* _WHAT TO DO_: Nothing but the pictures may be left out. Restate the rest of the entries word for word.

* _RECORDS TO PROCESS_:
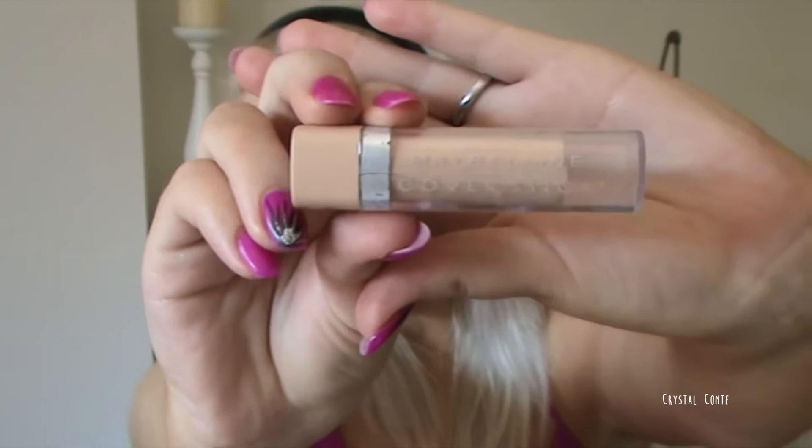Next up I'm using the Rimmel Perfect Match concealer in Light or Ivory. Funny story — in that first video I actually used one of those stick concealers, and I just cannot believe I even considered that as a concealer. I'd never bought one of these tube concealers before; I'd only ever bought that stick type to conceal blemishes. I feel like since I started YouTube, these tube concealers have really made their way into the market.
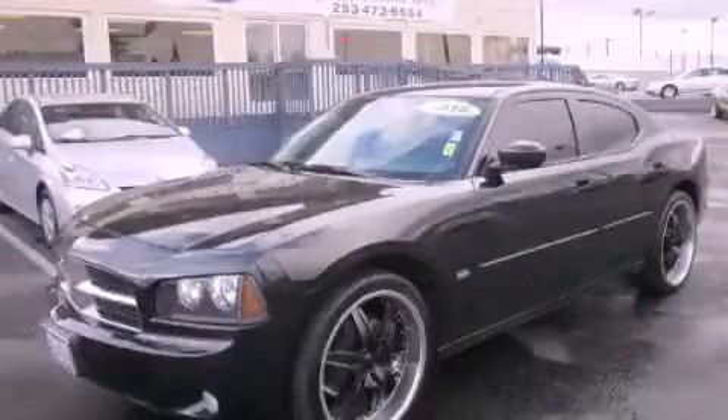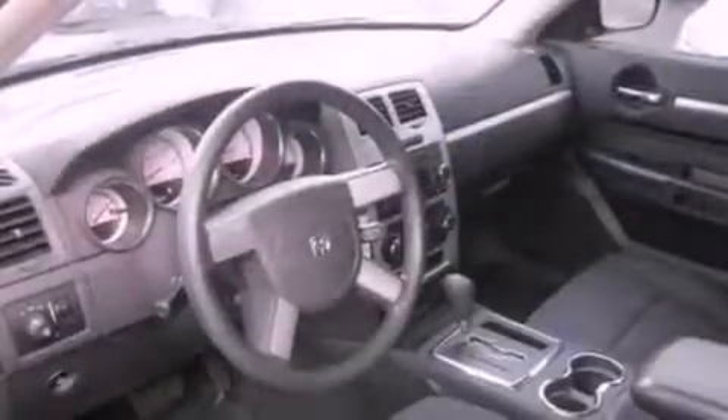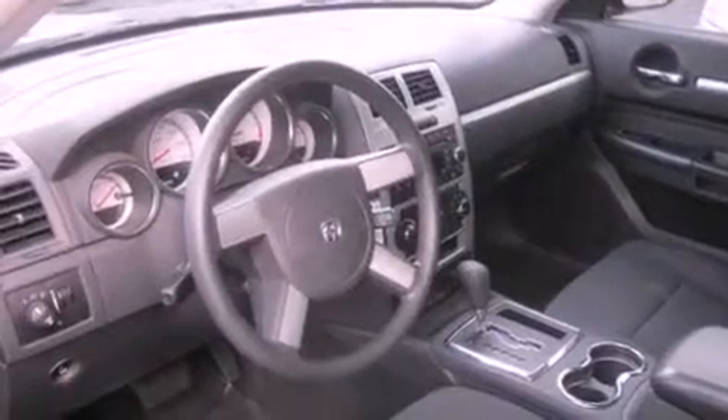This is a 2010 Dodge Charger. It has a 3.5-liter six-cylinder engine and an automatic transmission.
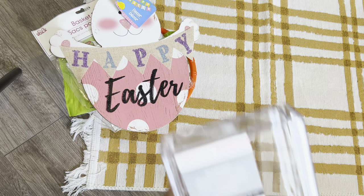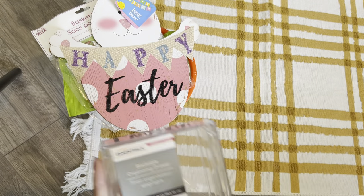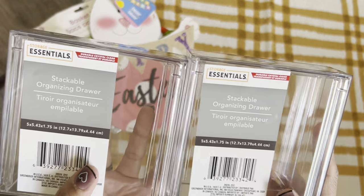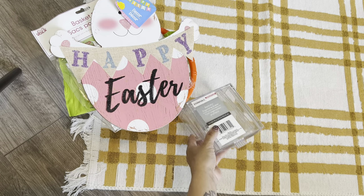I picked up some more of the stackable organizer drawers — two more of those. I'm trying to organize my Tim Holtz ephemera pieces, and I thought this would be really cute to put them in so I can actually see them and use them.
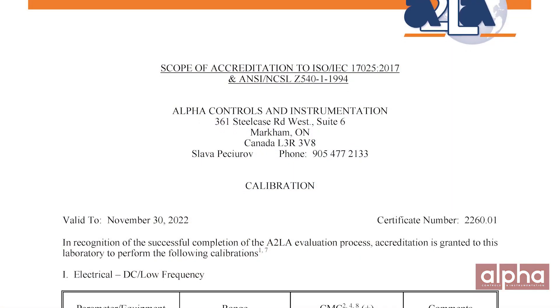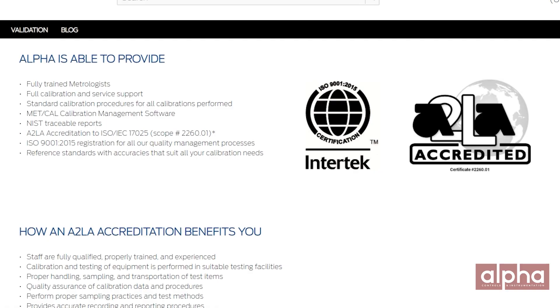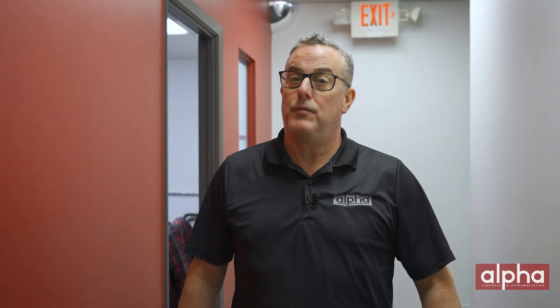Once you've found an accredited lab, you need to ensure that they're capable of doing all your instrumentation. Luckily there's a document out there called the scope of accreditation and it's usually found on their website. It looks something like this — ours can be found at the bottom of our first page. For example, a lab might be accredited for temperature but their uncertainties might not be anywhere where you need them to be, so you need to ensure you review this document to make sure you're making the most informed decision.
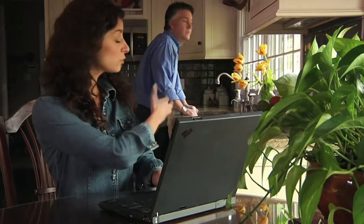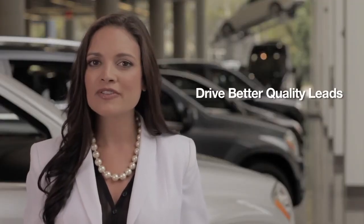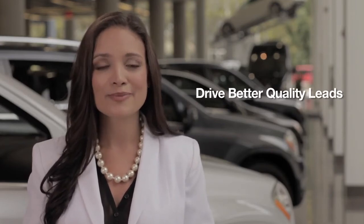Today's internet savvy consumers are looking to perform more of the vehicle shopping process online than ever before. DealerTrack can help your dealership capture these opportunities with our suite of advanced digital retailing solutions that have been proven to drive better quality leads from dealers' websites.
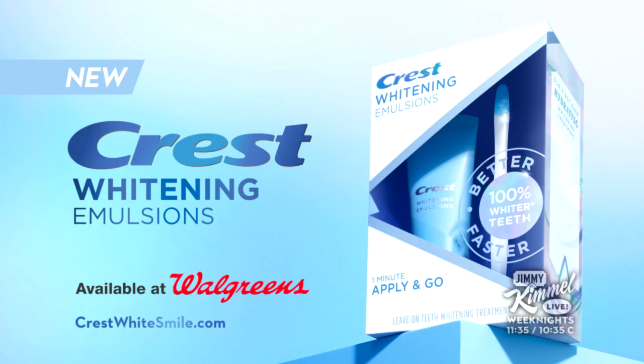I love your teeth, and I love your whole face. Anything nice you want to say to me? Yes, I love your teeth too. For 100% whiter teeth, try new Crest Whitening Emulsions. Buy now at Walgreens and crestwhitesmile.com.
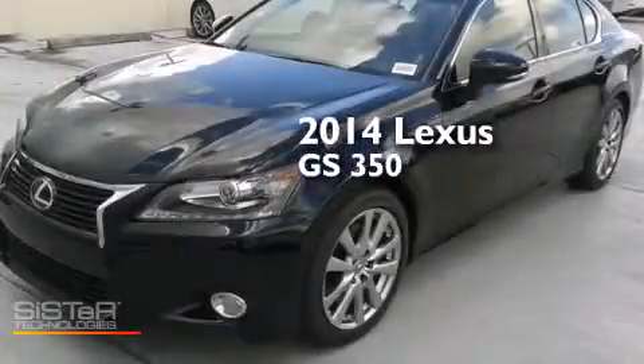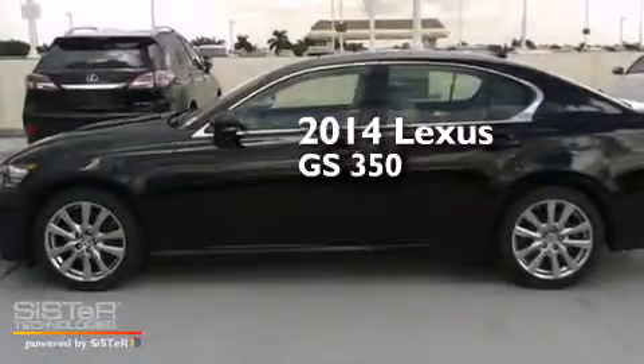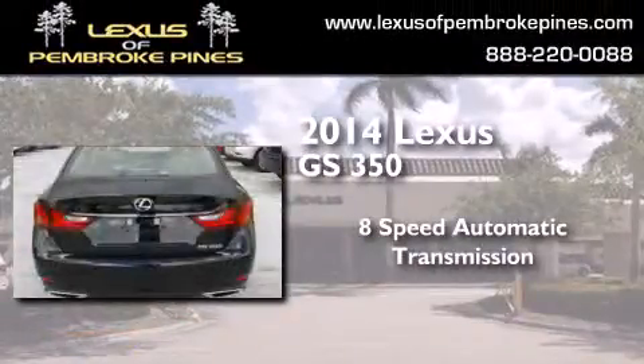This is a brand new 2014 Lexus GS350. This four-door sedan has an 8-speed automatic transmission and a 3.5-liter V6.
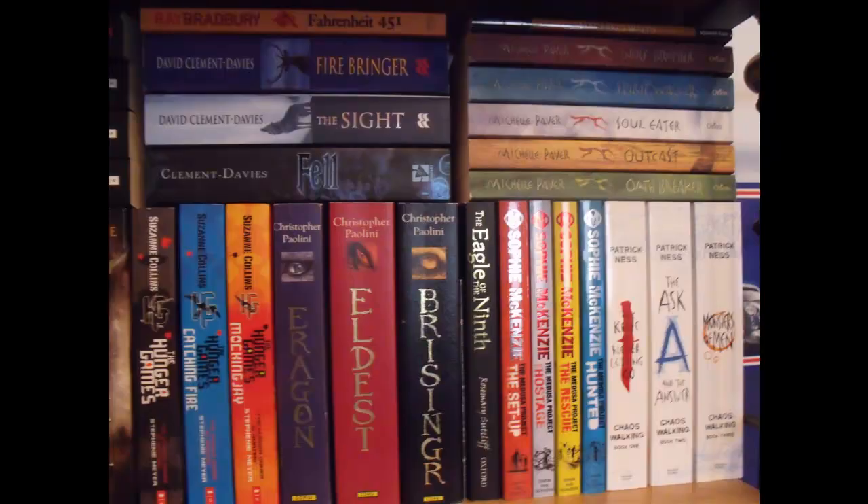This next area of the shelf is also very nice. At the top I have Fahrenheit 451 by Ray Bradbury, then some books by Davy Clement Davis: Firebringer, The Sight, and Fell. The little tiny book up there is Hatch Co-Waits by Lesley A. Newman. Then I have The Chronicles of Ancient Darkness by Michelle Paver — I don't have the last book, but I've got all the others: Wolf Brother, Spirit Walker, Soul Eater, Outcast, and Oathbreaker.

* _FINISHED TASK_:
Next up I'm using the Rimmel Perfect Match concealer in Light or Ivory. Funny story — in that first video I actually used one of those stick concealers, and I just cannot believe I even considered that as a concealer. I'd never bought one of these tube concealers before; I'd only ever bought that stick type to conceal blemishes. I feel like since I started YouTube, these tube concealers have really made their way into the market.
This is a 2010 Dodge Charger. It has a 3.5-liter six-cylinder engine and an automatic transmission.
I picked up some more of the stackable organizer drawers — two more of those. I'm trying to organize my Tim Holtz ephemera pieces, and I thought this would be really cute to put them in so I can actually see them and use them.
Once you've found an accredited lab, you need to ensure that they're capable of doing all your instrumentation. Luckily there's a document out there called the scope of accreditation and it's usually found on their website. It looks something like this — ours can be found at the bottom of our first page. For example, a lab might be accredited for temperature but their uncertainties might not be anywhere where you need them to be, so you need to ensure you review this document to make sure you're making the most informed decision.
Today's internet savvy consumers are looking to perform more of the vehicle shopping process online than ever before. DealerTrack can help your dealership capture these opportunities with our suite of advanced digital retailing solutions that have been proven to drive better quality leads from dealers' websites.
I love your teeth, and I love your whole face. Anything nice you want to say to me? Yes, I love your teeth too. For 100% whiter teeth, try new Crest Whitening Emulsions. Buy now at Walgreens and crestwhitesmile.com.
This is a brand new 2014 Lexus GS350. This four-door sedan has an 8-speed automatic transmission and a 3.5-liter V6.
This next area of the shelf is also very nice. At the top I have Fahrenheit 451 by Ray Bradbury, then some books by Davy Clement Davis: Firebringer, The Sight, and Fell. The little tiny book up there is Hatch Co-Waits by Lesley A. Newman. Then I have The Chronicles of Ancient Darkness by Michelle Paver — I don't have the last book, but I've got all the others: Wolf Brother, Spirit Walker, Soul Eater, Outcast, and Oathbreaker.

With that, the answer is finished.